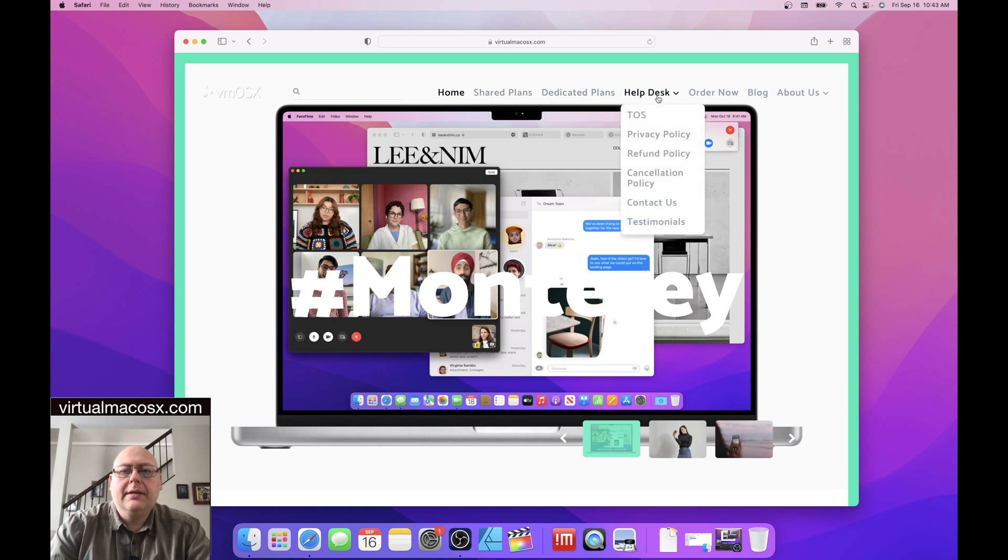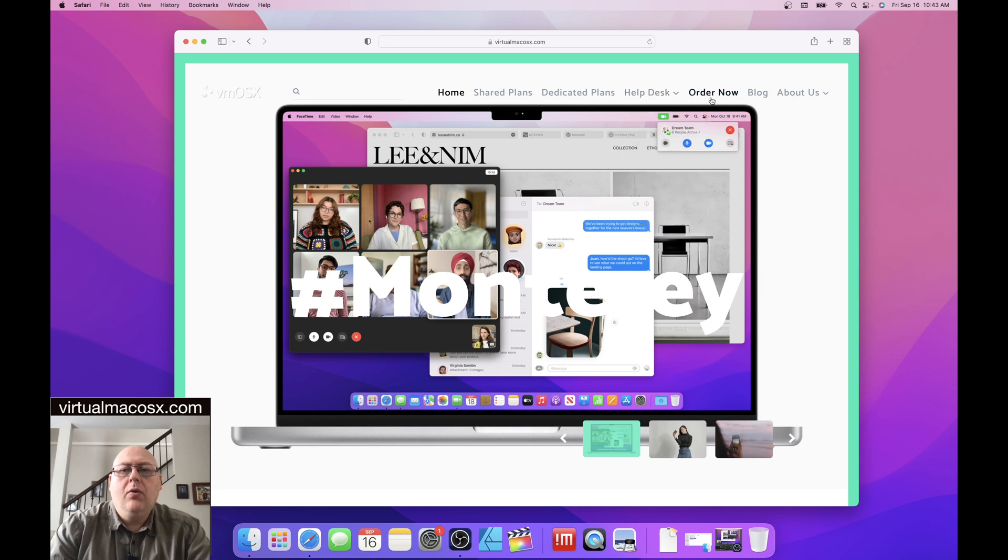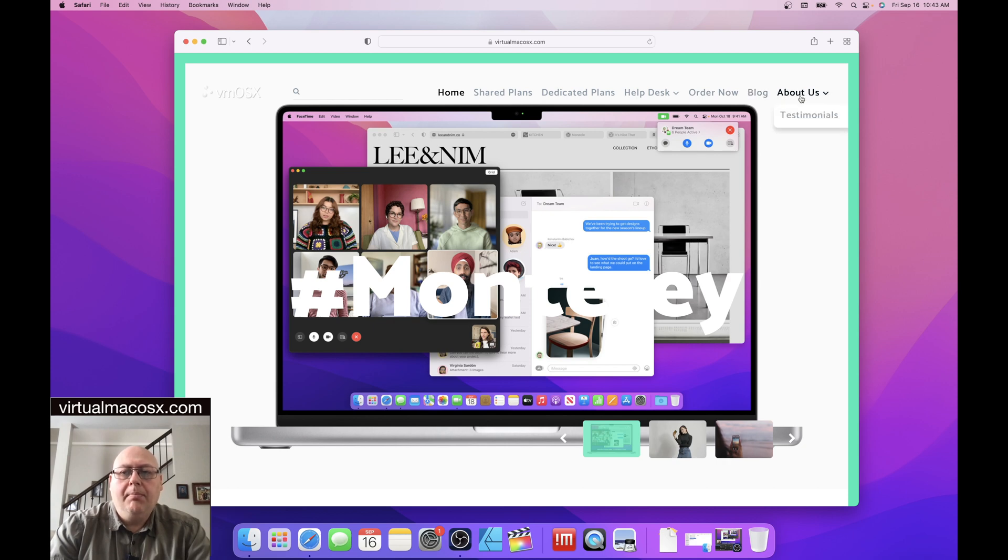dedicated plans, help desk, which has a number of subcategories, the order now, which will take you to the billing portal, a blog, and then some information about us and some testimonials for our service.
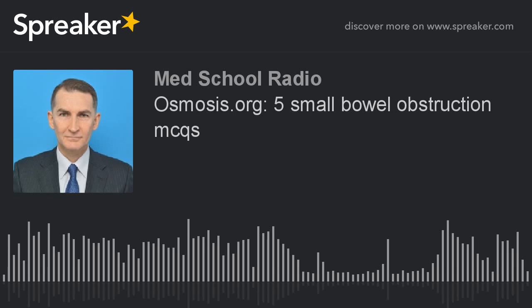Which of the following is the most likely diagnosis? A. Ovarian cyst accident. B. Ruptured peptic ulcer. C. Small bowel obstruction. D. Ectopic pregnancy. Or E. Pyelonephritis.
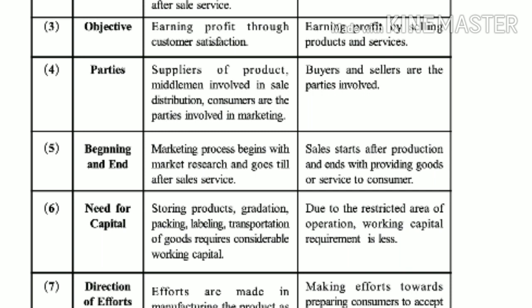If we consider the objective: the objective of marketing is earning profit through consumer satisfaction. Whereas in the selling activity, only one kind of objective exists — whether it is reasonable profit or normal profit — earning profit by selling products and services is the prime objective of selling.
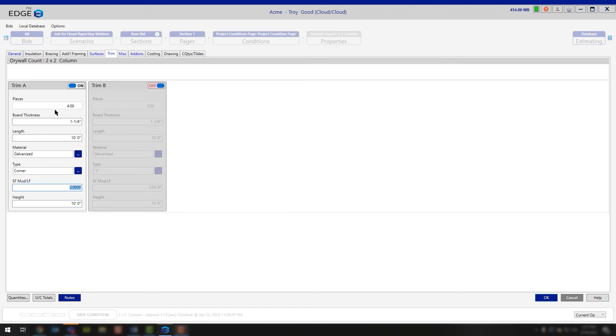So realistically, for each trim piece, you're going to be getting in total 20 square foot of mud. That's to make sure that you can finish off both sides of that corner bead and have enough mud there to make it look nice and pretty.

▸ TASK REQUIREMENTS: Repeat the lines of the listing above verbatim, beginning at its first line and ending at the line containing "If we consider", which is included. Omit pictures.

▸ RESULT BELOW:
dedicated plans, help desk, which has a number of subcategories, the order now, which will take you to the billing portal, a blog, and then some information about us and some testimonials for our service.
Which of the following is the most likely diagnosis? A. Ovarian cyst accident. B. Ruptured peptic ulcer. C. Small bowel obstruction. D. Ectopic pregnancy. Or E. Pyelonephritis.
If we consider the objective: the objective of marketing is earning profit through consumer satisfaction. Whereas in the selling activity, only one kind of objective exists — whether it is reasonable profit or normal profit — earning profit by selling products and services is the prime objective of selling.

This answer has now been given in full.